Logistics is where the partnership gets most concrete. In October 2024, the two countries held the inaugural meeting of a joint working group on NSR cooperation, discussing cargo transit targets, Arctic shipbuilding and polar navigation training. The Chennai–Vladivostok maritime corridor, which launched in November 2024, provides a complementary east-west link. Earlier that year, Russia’s State Duma ratified a reciprocal logistics support agreement giving Indian naval vessels access to Russian Arctic ports along the NSR.

Both sides have clear strategic reasons to push the partnership forward. Since Finland and Sweden joined NATO in 2023 and 2024, Russia is the only non-NATO member among the eight Arctic states, leaving Moscow to seek deeper ties with Asian partners instead. For India, the Arctic offers an alternative to congested southern trade lanes: the country currently imports 83% of its oil, according to the Observer Research Foundation, and the case for diversifying supply routes has sharpened considerably since Iran effectively closed the Strait of Hormuz in late February 2026, cutting off roughly 20% of global seaborne oil trade.

Russia’s government has set official cargo targets for the NSR of 150 million tonnes annually by 2030 and 220 million tonnes by 2035, up from a record 37.9 million tonnes recorded by Rosatom in 2024. Arctic Council data published in February 2026 show the number of ships operating in Arctic waters has already grown 40% since 2013, with total distance sailed up 95% over the same period.

Climate science reinforces the trajectory.

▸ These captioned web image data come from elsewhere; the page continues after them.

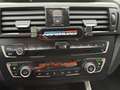 BMW 135 1-serie M135i Executive navi airco automaat 320pk Grijs - thumbnail 24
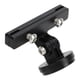 thumbnail image 1 of Soporte de luz trasera de bicicleta Bling Bling para Garmin Varia de Aleación de aluminio, 1 of 12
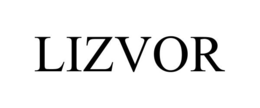 lizvor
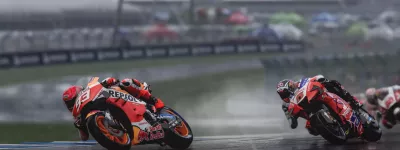 motogp 22 5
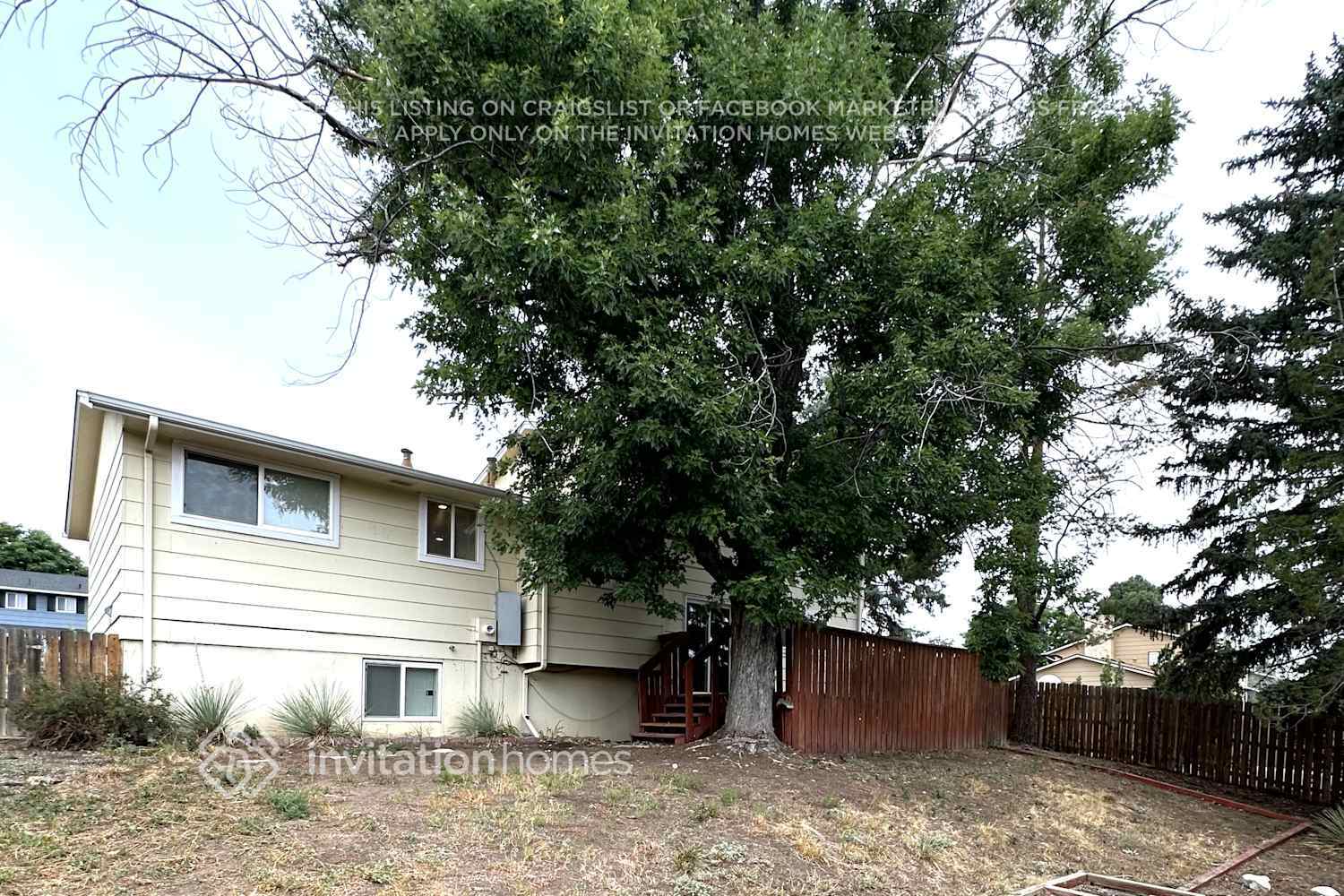 Building Photo - 13256 Rigel Dr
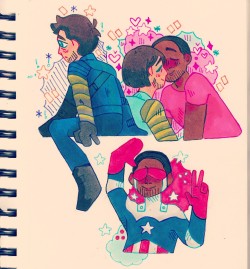 pal0maegg:I am Marvel fandom trash &lt;3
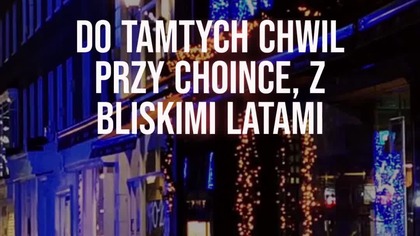 Święta, święta...  i po świętach  #polskirap #rap #rappl #muzyka #christmas #vlogmas #shorts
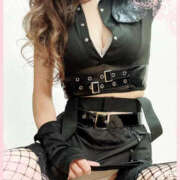 ヒメ日記 2025/05/04 05:00 投稿 水瀬みか 華女(かのじょ) 松山店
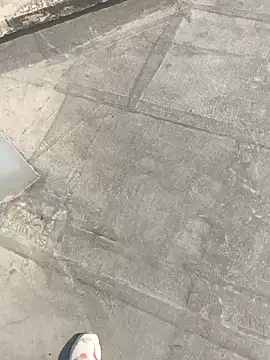 Snapshot of Gururonny07 chatting on 01-13-25, 07:43 Gururonny07 online show from 01-13-25, 07:43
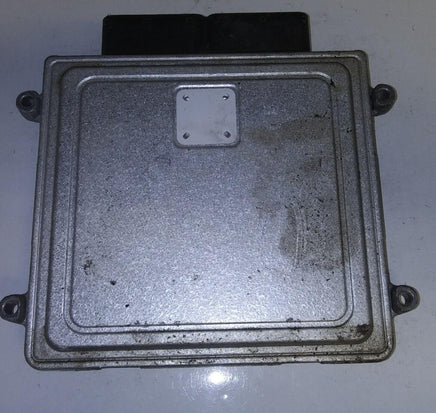 39130-2GHS7ecm ecu computer 2019 Kia Sportage - Swan Auto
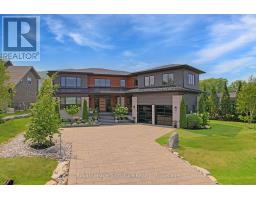 128 ARNOT CRESCENT, Blue Mountains, Ontario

The Intergovernmental Panel on Climate Change (IPCC) Sixth Assessment Report projects the Arctic Ocean will likely see its first ice-free September before 2050 under moderate and high emissions scenarios — a threshold that would dramatically extend the NSR’s navigable season. The U.S. National Oceanic and Atmospheric Administration puts that timeline potentially within the next decade or two. A 2025 Nature Communications study on long-term Arctic shipping flows suggests Arctic routes could eventually rival the Suez Canal in annual transits by the end of the century.

Analysts see joint shipbuilding as a natural next step. A March 2026 Observer Research Foundation brief notes that constructing ice-class vessels together would benefit both sides: Russia needs to scale its Arctic merchant fleet, while India wants to acquire the technology to build one. In an April 2025 paper published by the same foundation, researchers at The Arctic Institute argue that India’s Arctic strategy is primarily driven by pragmatic commercial interest and has yet to be fully integrated with its broader foreign policy positions. Pavel Devyatkin of the Quincy Institute points to a working principle on the Russian side: Moscow consistently separates its Arctic agenda from wider geopolitical disputes — an approach that has kept the dialogue going regardless of turbulence elsewhere.